• _Activity_:
Output only the lines from the line holding "Surligneur fluorescent Rose - Deli U84900" through the close of the records, exactly as they appear, with all pictures omitted.
■ ■ ■ ■ ■
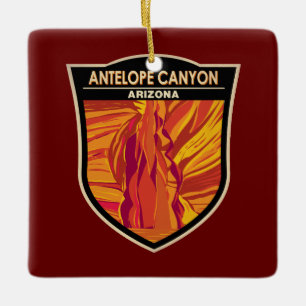 Ornement En Céramique Antelope Canyon Arizona Travel Art Vintage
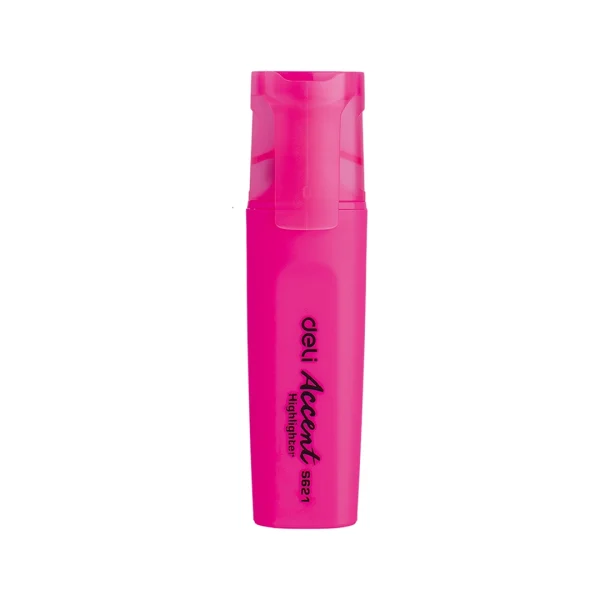 Surligneur fluorescent Rose - Deli U84900
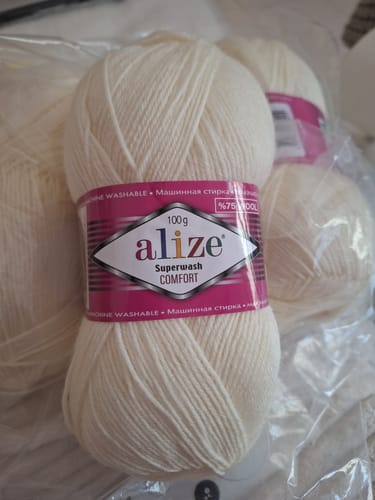 Customer photo review of Alize Superwash Comfort Socks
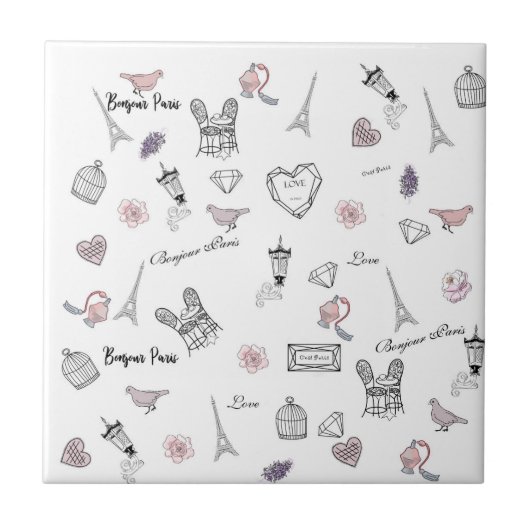 Carreau Amour à Peris Bohemian Chic Floral Boho Girl (Devant)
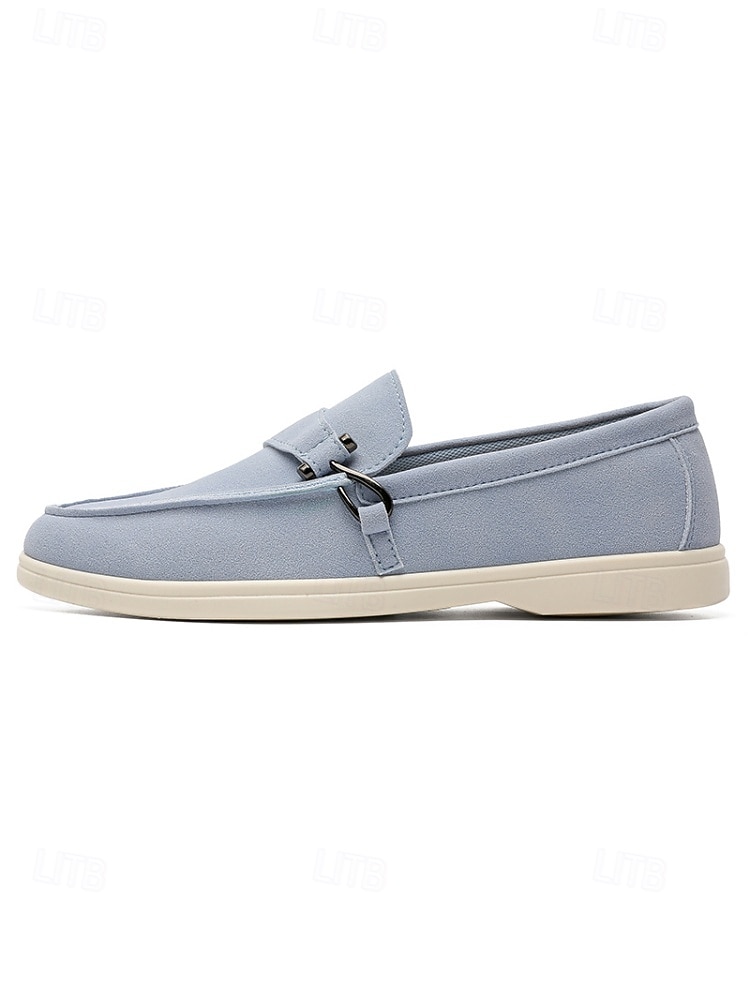 Mocasini bej pentru bărbați, fără mâneci, design elegant cu talpă amortizată, stil formal confortabil pentru nunți în grădină, petreceri și ocazii speciale 2026 - $42.99 –P5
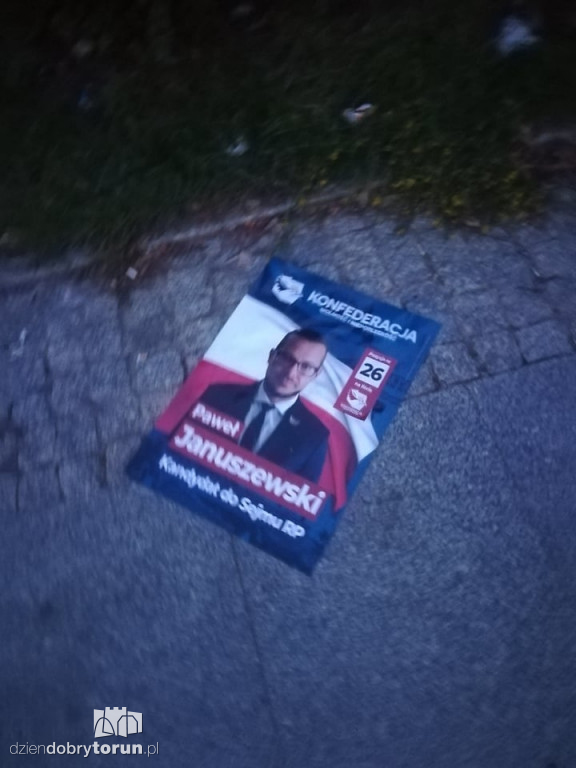 Na potęgę niszczą plakaty Konfederacji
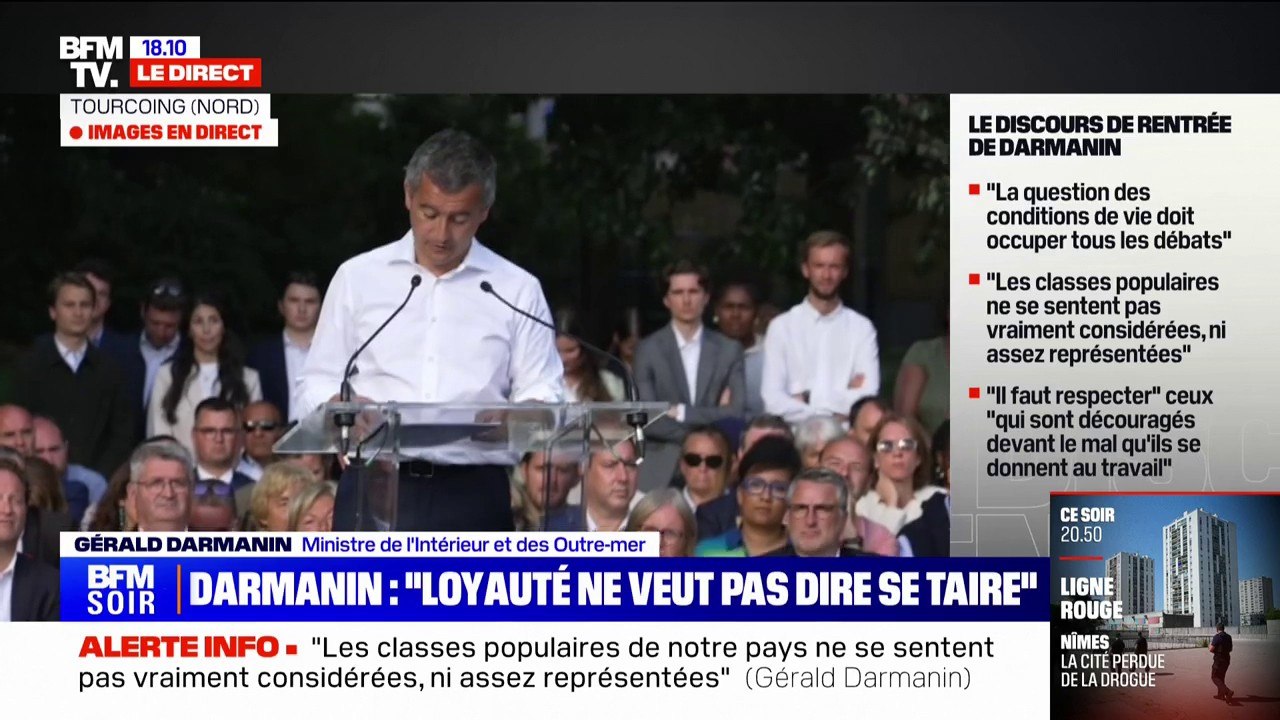 Gérald Darmanin à Tourcoing: "Il existe désormais un eux et un nous entre les prétendues élites et une partie du peuple"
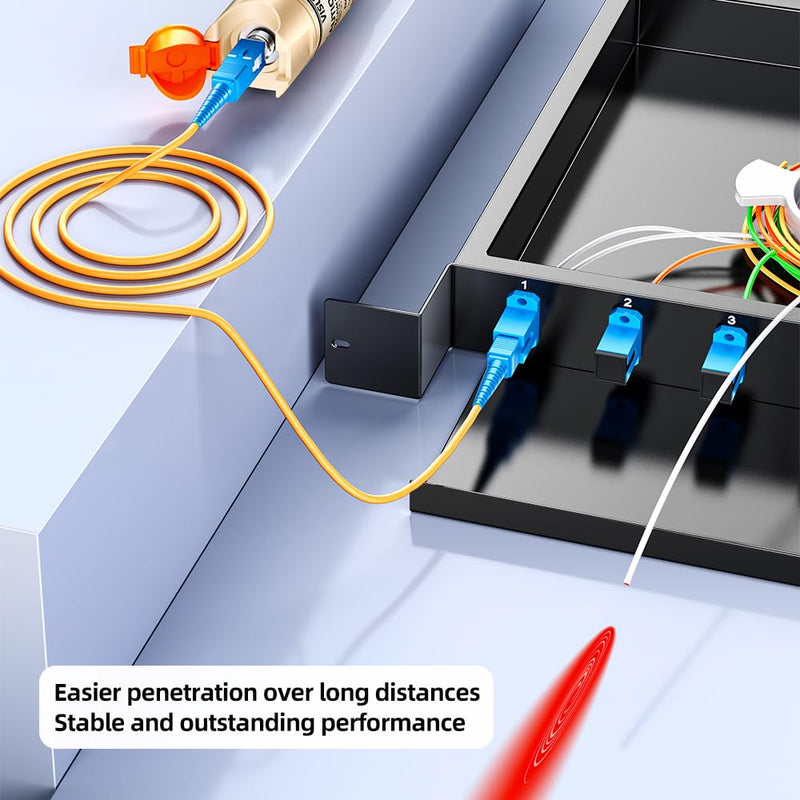 Visual Fault Locator,30-50KM Fiber Optic Cable Tester Meter VFL Red Light Pen Light Source Testers 30-50KM VFL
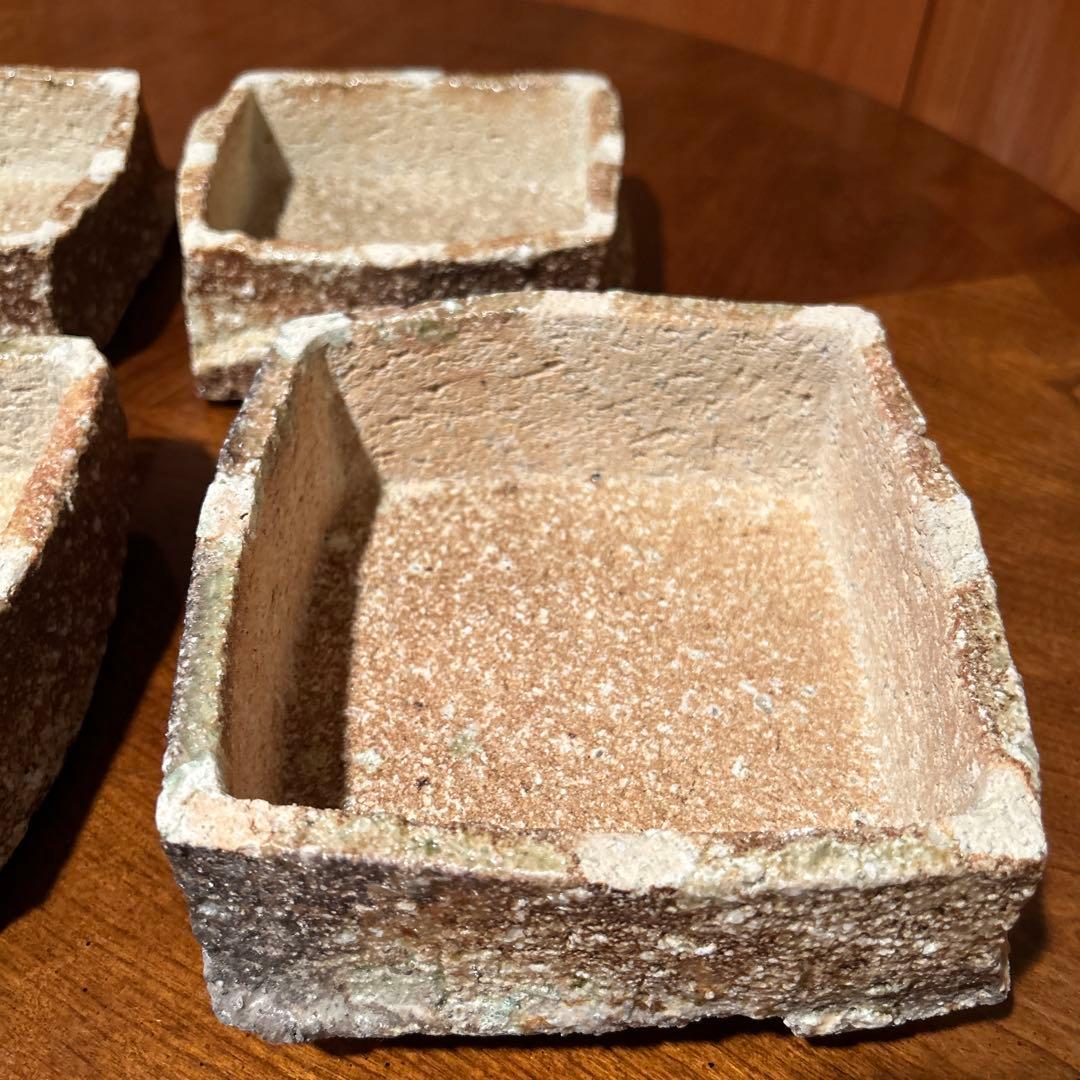 新品①◆作家　澤　克典作　信楽焼　五段重　一点物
■ ■ ■ ■ ■
• _Written answer_:
 Surligneur fluorescent Rose - Deli U84900
 Customer photo review of Alize Superwash Comfort Socks
 Carreau Amour à Peris Bohemian Chic Floral Boho Girl (Devant)
 Mocasini bej pentru bărbați, fără mâneci, design elegant cu talpă amortizată, stil formal confortabil pentru nunți în grădină, petreceri și ocazii speciale 2026 - $42.99 –P5
 Na potęgę niszczą plakaty Konfederacji
 Gérald Darmanin à Tourcoing: "Il existe désormais un eux et un nous entre les prétendues élites et une partie du peuple"
 Visual Fault Locator,30-50KM Fiber Optic Cable Tester Meter VFL Red Light Pen Light Source Testers 30-50KM VFL
 新品①◆作家　澤　克典作　信楽焼　五段重　一点物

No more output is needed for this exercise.